Auf einer Einwohnerversammlung am 04.12.2009 im Kulturpalast stellte Prof. Manfred Zumpe die Position der IG Neues Konzerthaus erstmal öffentlich vor. In seinen Vorbemerkungen heißt es zum Umbau des Kulturpalasts:

Wir vertreten die Auffassung, dass bei einem Totalumbau des Kulturpalastes wie er z.Zt. geplant wird, wichtige Grundsätze Sächsischer Denkmalpflege missachtet und Urheberrechte der in Dresden lebenden Architekten verletzt werden. Der Mehrzwecksaal, in dem wir uns befinden, ist das Herzstück dieses Hauses. Wenn man sich vorstellt, dass eines Tages Abbruchgeräte in diesem Saal aufgestellt werden, um ihn zu zerstören, läuft es Vielen von uns kalt über den Rücken. Dies würde als ein barbarischer Akt von den Medien in die Welt getragen und der Stadt Dresden einen großen moralischen Schaden zufügen. Der Architekt dieses Hauses, Wolfgang Hänsch, Ehrenmitglied des Bundes Deutscher Architekten, wurde im Sommer dieses Jahres von der Technischen Universität Dresden mit der Verleihung der Ehrendoktorwürde für sein Lebenswerk in unserer Stadt ausgezeichnet.
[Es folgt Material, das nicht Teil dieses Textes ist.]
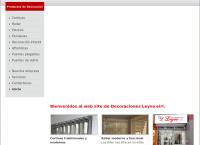Sitio web de Decoraciones Leyva E.i.r.l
Es ist nach unserem Verständnis mit den Moralprinzipien des BDA nicht vereinbar, ein erst 40 Jahre altes und bedeutendes Werk der Nachkriegsmoderne in Dresden aufzugeben. Wer das tut hat „Hornhaut auf der Seele“!

Der größte Verlust für Dresden entsteht aber, wenn der geplante Umbau tatsächlich vollzogen wird, weil Dresden damit seine wunderbare multifunktionale Stadthalle verliert.

Dieser Artikel wurde zuletzt am 03.01.2011 aktualisiert.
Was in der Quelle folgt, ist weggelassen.